> TASK PROMPT: Leave out the pictures and repeat exactly the lines from the one containing "Działka rolna Boruszyn. Zdjęcie 2" through the end of the records.

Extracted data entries
------------------------------------

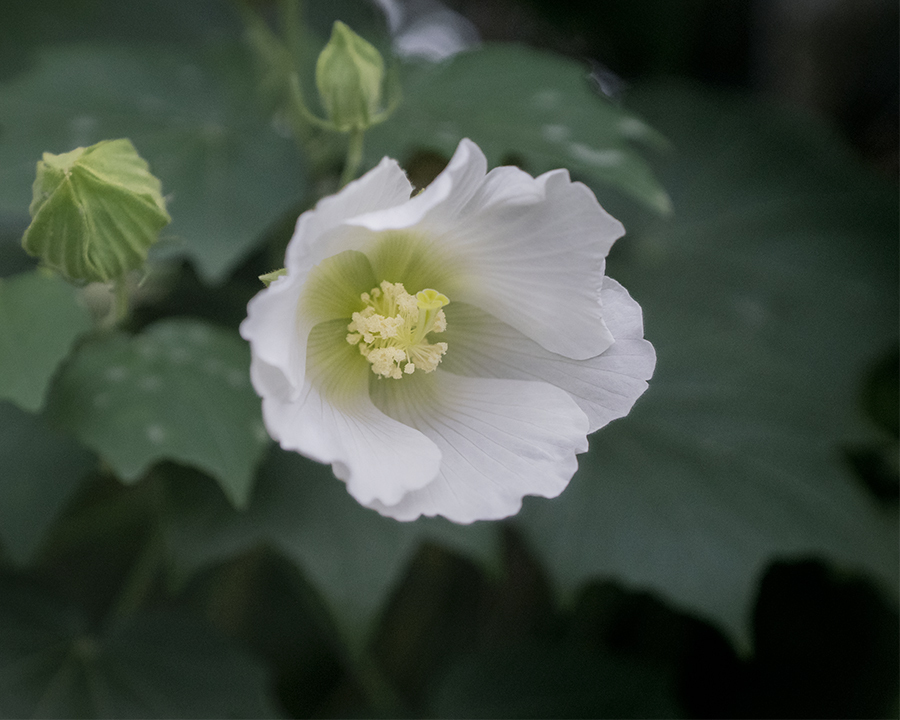 DSC09013. 白芙蓉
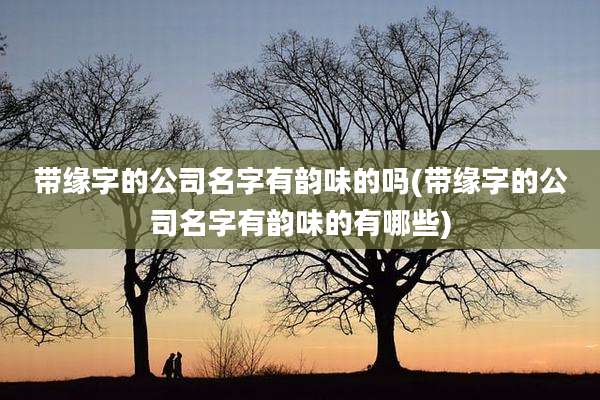 带缘字的公司名字有韵味的吗(带缘字的公司名字有韵味的有哪些)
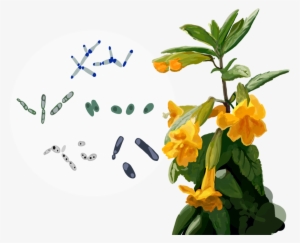 Mimulus Auriantiacus And A Variety Of Yeast Species - Borage Family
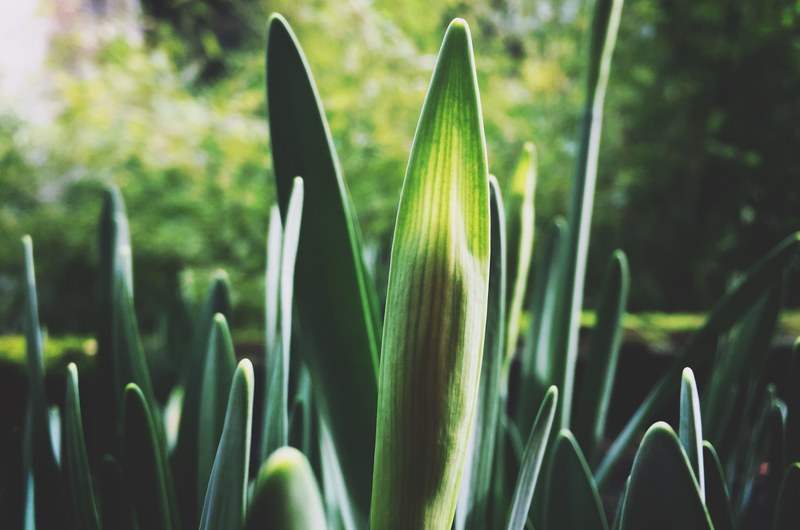 a close up of a cluster of long lanceolate leaves on a sunny day in the park, green lance like leaves 4k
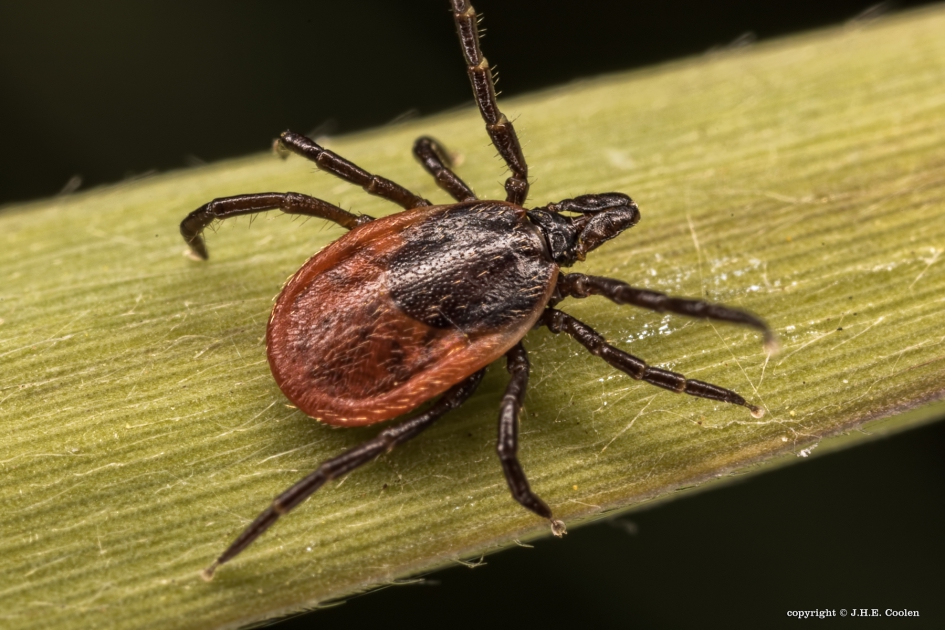 Hertenteek - Geleedpotigen - Hertenteek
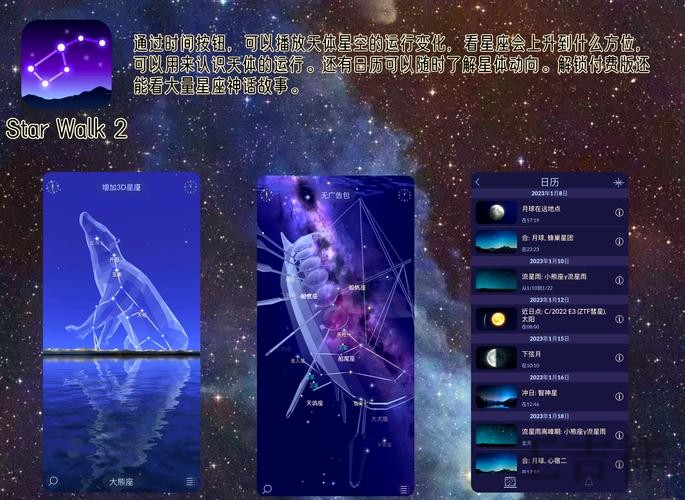 星空手机APP官方下载入口与安装指南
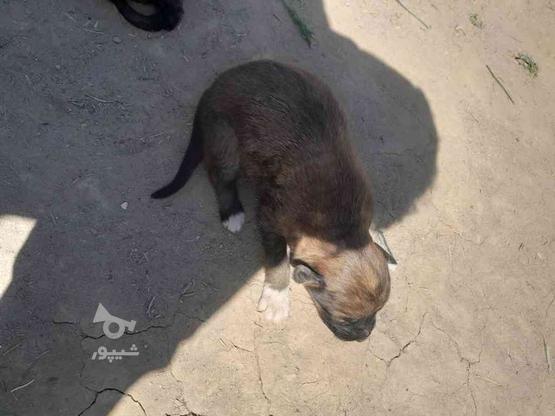 واگذای سگ ژرمن یک ماه هنوز ندارع در گروه خرید و فروش ورزش فرهنگ فراغت در کرمان در شیپور-عکس1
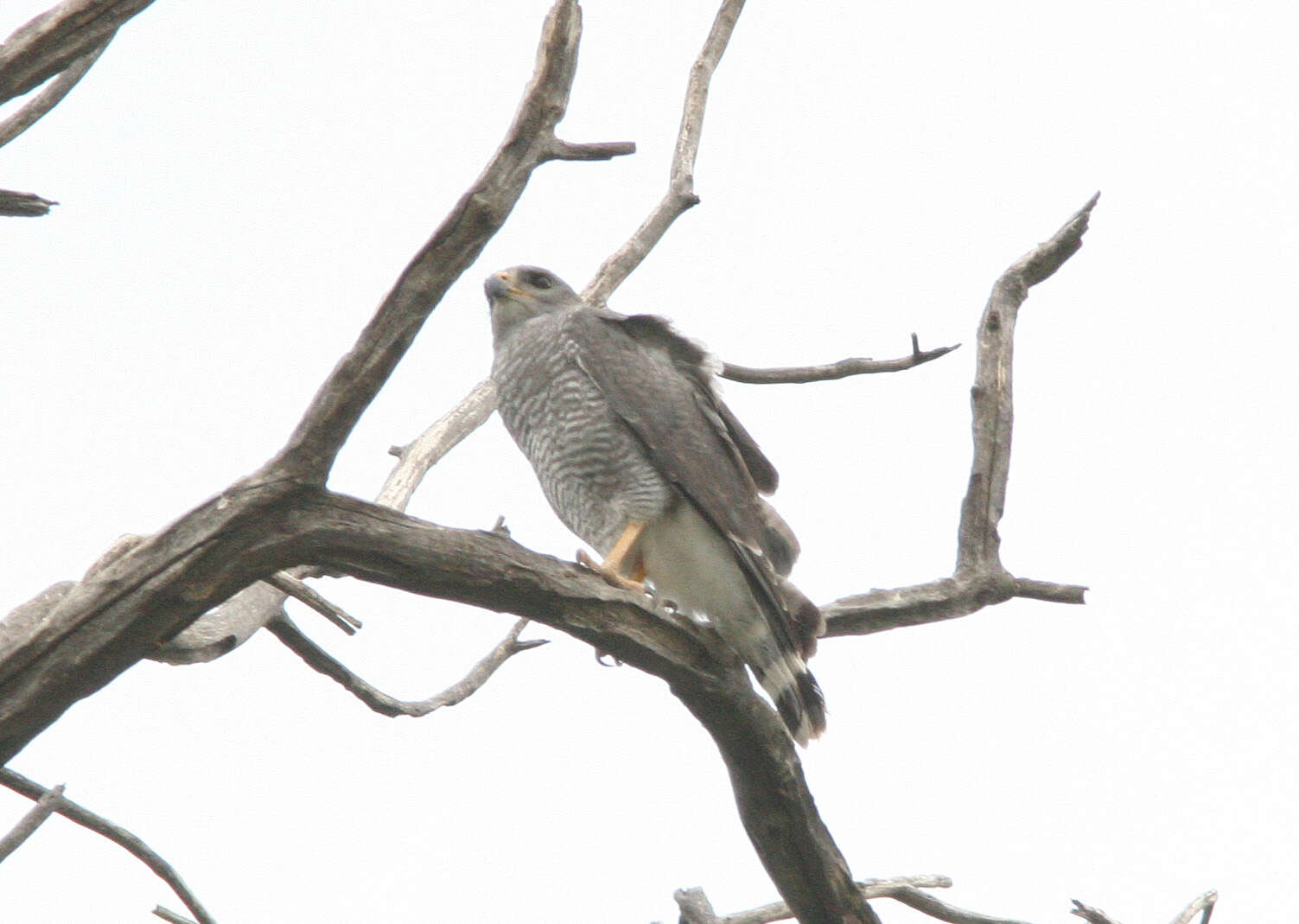 Image of Gray Hawk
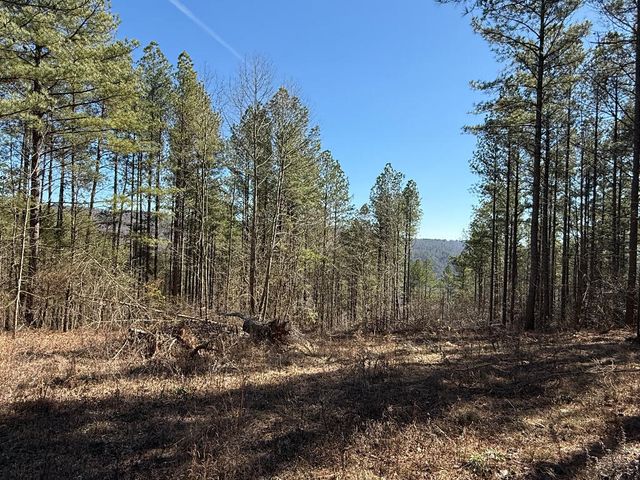 3970 Split Rail Way Lot 1375, Guild, TN 37340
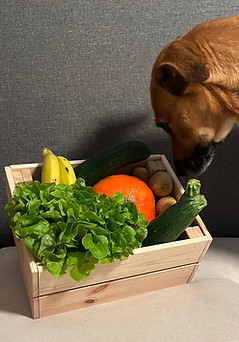 WhatsApp Bild 2024-11-05 um 10.21.16_a20cb538.jpg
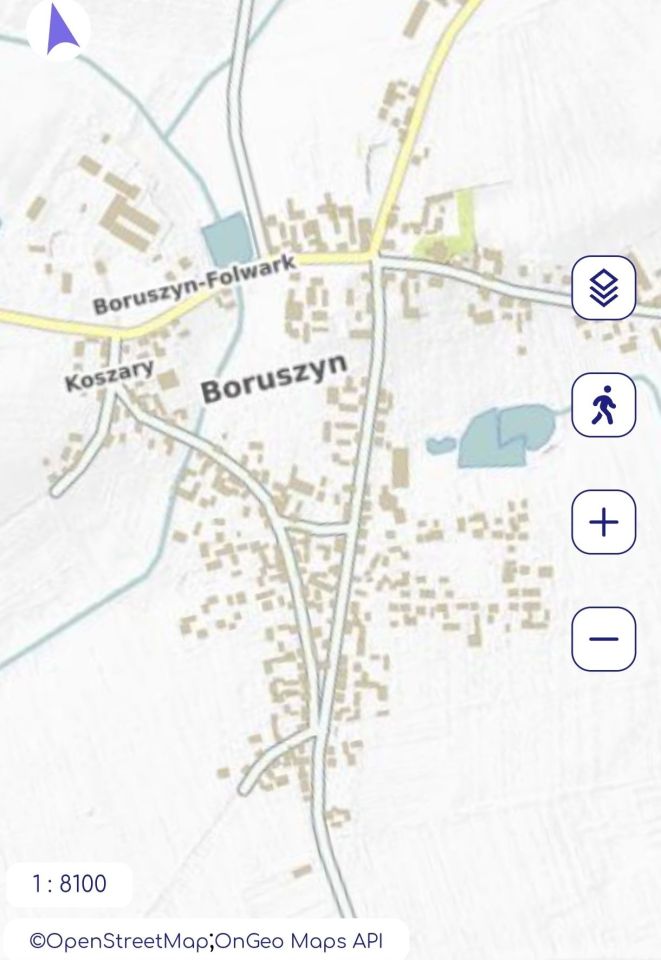 Działka rolna Boruszyn. Zdjęcie 2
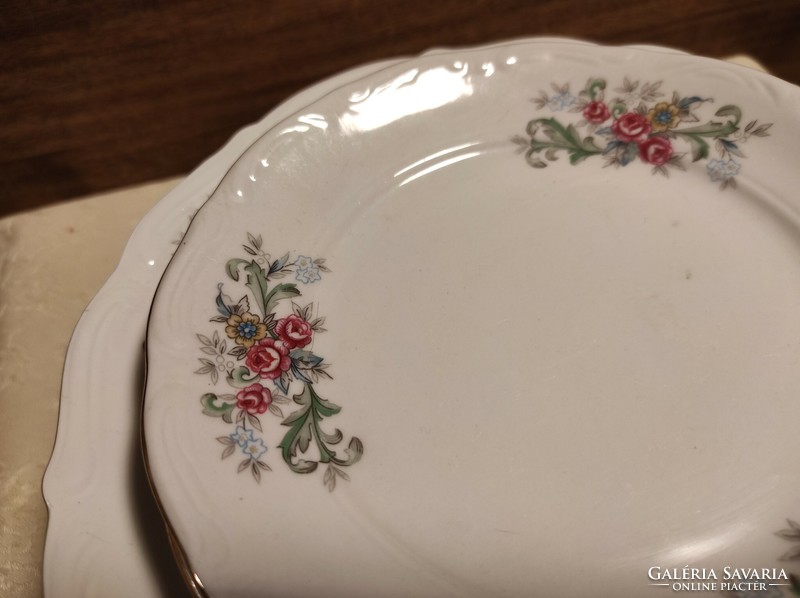 Polish floral porcelain plate set.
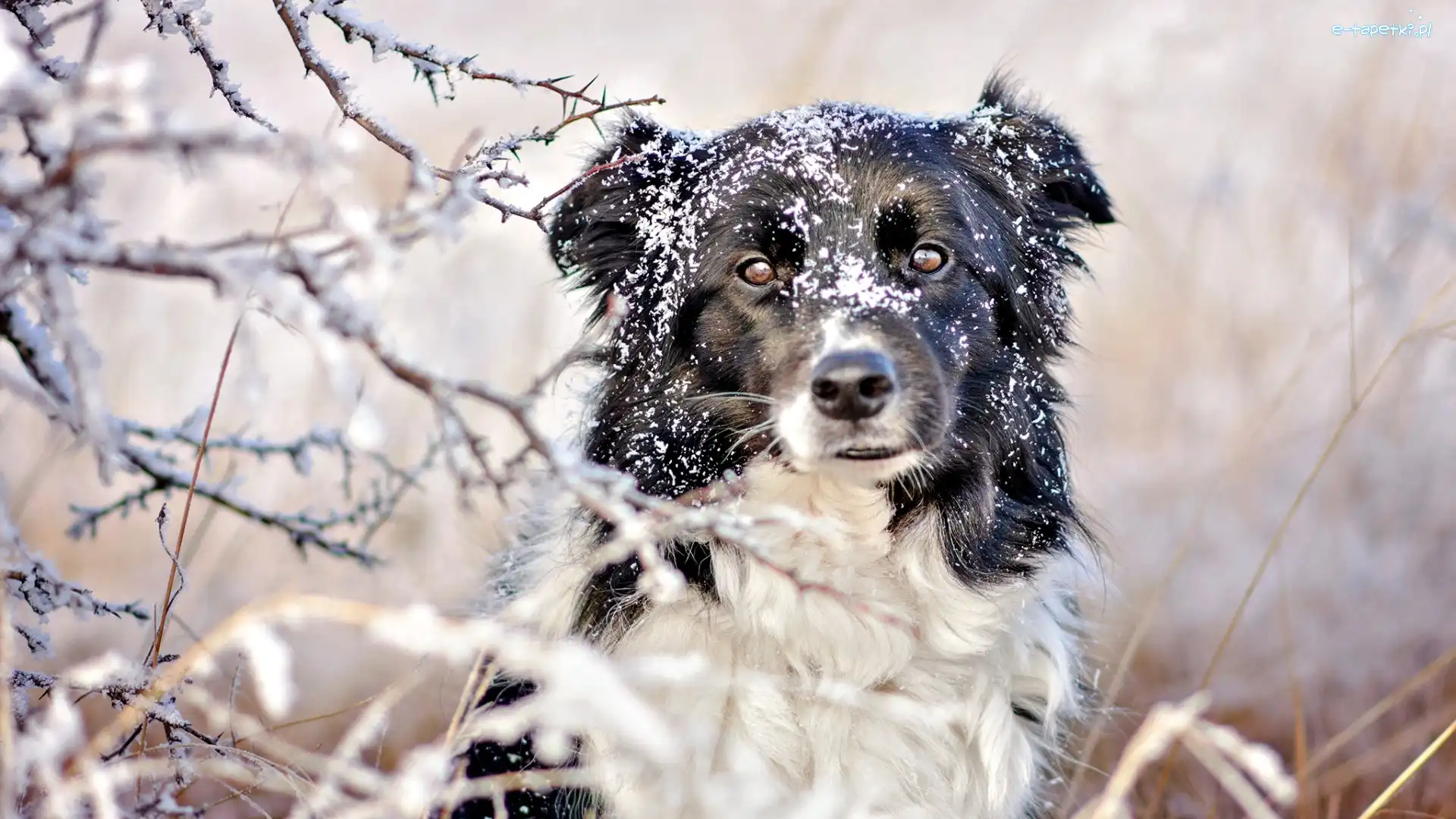 Border collie, Gałązki, Śnieg, Pies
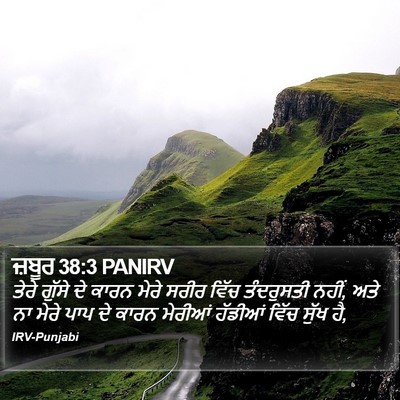 ਜ਼ਬੂਰ 38:3 PANIRV Bible Verse Image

------------------------------------

> TASK RESPONSE:
 Działka rolna Boruszyn. Zdjęcie 2
 Polish floral porcelain plate set.
 Border collie, Gałązki, Śnieg, Pies
 ਜ਼ਬੂਰ 38:3 PANIRV Bible Verse Image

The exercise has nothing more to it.